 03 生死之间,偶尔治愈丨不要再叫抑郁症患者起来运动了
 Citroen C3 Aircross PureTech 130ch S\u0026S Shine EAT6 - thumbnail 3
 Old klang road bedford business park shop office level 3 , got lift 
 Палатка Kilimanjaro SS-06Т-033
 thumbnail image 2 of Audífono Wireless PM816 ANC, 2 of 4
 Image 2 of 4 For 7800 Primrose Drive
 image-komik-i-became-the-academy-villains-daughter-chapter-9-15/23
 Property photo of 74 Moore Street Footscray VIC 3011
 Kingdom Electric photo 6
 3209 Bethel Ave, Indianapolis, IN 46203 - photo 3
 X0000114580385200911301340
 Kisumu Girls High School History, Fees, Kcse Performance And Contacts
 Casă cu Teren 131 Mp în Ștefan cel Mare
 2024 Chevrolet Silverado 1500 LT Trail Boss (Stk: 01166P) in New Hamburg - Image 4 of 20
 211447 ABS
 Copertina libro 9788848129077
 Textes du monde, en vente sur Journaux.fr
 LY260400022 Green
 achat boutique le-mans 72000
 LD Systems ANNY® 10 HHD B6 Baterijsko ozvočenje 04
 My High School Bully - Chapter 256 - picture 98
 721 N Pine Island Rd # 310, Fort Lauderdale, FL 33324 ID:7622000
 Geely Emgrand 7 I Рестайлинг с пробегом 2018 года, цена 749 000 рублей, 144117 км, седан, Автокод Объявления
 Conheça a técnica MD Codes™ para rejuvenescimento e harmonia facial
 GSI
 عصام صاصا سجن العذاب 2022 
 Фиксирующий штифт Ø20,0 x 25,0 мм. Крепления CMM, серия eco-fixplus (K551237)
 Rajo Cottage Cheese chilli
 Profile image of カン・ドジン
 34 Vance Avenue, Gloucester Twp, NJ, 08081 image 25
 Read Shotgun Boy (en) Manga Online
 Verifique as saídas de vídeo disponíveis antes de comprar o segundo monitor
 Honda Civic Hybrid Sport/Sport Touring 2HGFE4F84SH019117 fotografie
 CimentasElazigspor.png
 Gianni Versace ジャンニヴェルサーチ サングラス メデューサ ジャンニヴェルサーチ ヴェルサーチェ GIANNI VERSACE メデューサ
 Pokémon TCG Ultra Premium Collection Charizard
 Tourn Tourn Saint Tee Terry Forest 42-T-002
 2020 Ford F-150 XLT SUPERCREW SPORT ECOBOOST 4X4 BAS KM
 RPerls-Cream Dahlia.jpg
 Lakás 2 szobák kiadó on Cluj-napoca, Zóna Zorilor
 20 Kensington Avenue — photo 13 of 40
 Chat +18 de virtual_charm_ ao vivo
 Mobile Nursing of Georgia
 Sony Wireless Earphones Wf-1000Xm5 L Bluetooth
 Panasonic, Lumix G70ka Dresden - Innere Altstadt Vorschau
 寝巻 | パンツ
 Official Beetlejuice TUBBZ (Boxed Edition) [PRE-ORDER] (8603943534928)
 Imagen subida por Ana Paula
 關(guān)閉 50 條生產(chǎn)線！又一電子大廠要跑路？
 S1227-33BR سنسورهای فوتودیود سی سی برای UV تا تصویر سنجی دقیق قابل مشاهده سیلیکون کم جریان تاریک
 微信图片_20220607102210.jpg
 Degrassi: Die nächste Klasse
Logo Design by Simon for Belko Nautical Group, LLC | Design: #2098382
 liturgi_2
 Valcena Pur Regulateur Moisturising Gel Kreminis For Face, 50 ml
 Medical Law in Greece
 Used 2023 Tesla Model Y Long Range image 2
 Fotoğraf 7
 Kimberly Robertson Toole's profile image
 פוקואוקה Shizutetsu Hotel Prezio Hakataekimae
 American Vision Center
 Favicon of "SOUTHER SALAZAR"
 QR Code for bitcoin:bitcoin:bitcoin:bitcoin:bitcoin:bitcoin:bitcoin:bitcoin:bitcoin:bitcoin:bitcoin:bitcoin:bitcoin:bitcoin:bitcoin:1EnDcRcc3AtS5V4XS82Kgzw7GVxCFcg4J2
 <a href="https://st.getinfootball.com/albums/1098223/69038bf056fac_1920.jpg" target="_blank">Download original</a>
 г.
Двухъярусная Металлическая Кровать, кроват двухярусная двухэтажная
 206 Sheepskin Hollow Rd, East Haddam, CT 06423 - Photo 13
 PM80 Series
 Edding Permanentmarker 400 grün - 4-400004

:: Your objective ::
The span to print begins at the line containing "Pokémon TCG Ultra" and ends at the final line of the entries; print it exactly and print nothing else.

:: Exercise result ::
 Pokémon TCG Ultra Premium Collection Charizard
 Tourn Tourn Saint Tee Terry Forest 42-T-002
 2020 Ford F-150 XLT SUPERCREW SPORT ECOBOOST 4X4 BAS KM
 RPerls-Cream Dahlia.jpg
 Lakás 2 szobák kiadó on Cluj-napoca, Zóna Zorilor
 20 Kensington Avenue — photo 13 of 40
 Chat +18 de virtual_charm_ ao vivo
 Mobile Nursing of Georgia
 Sony Wireless Earphones Wf-1000Xm5 L Bluetooth
 Panasonic, Lumix G70ka Dresden - Innere Altstadt Vorschau
 寝巻 | パンツ
 Official Beetlejuice TUBBZ (Boxed Edition) [PRE-ORDER] (8603943534928)
 Imagen subida por Ana Paula
 關(guān)閉 50 條生產(chǎn)線！又一電子大廠要跑路？
 S1227-33BR سنسورهای فوتودیود سی سی برای UV تا تصویر سنجی دقیق قابل مشاهده سیلیکون کم جریان تاریک
 微信图片_20220607102210.jpg
 Degrassi: Die nächste Klasse
Logo Design by Simon for Belko Nautical Group, LLC | Design: #2098382
 liturgi_2
 Valcena Pur Regulateur Moisturising Gel Kreminis For Face, 50 ml
 Medical Law in Greece
 Used 2023 Tesla Model Y Long Range image 2
 Fotoğraf 7
 Kimberly Robertson Toole's profile image
 פוקואוקה Shizutetsu Hotel Prezio Hakataekimae
 American Vision Center
 Favicon of "SOUTHER SALAZAR"
 QR Code for bitcoin:bitcoin:bitcoin:bitcoin:bitcoin:bitcoin:bitcoin:bitcoin:bitcoin:bitcoin:bitcoin:bitcoin:bitcoin:bitcoin:bitcoin:1EnDcRcc3AtS5V4XS82Kgzw7GVxCFcg4J2
 <a href="https://st.getinfootball.com/albums/1098223/69038bf056fac_1920.jpg" target="_blank">Download original</a>
 г.
Двухъярусная Металлическая Кровать, кроват двухярусная двухэтажная
 206 Sheepskin Hollow Rd, East Haddam, CT 06423 - Photo 13
 PM80 Series
 Edding Permanentmarker 400 grün - 4-400004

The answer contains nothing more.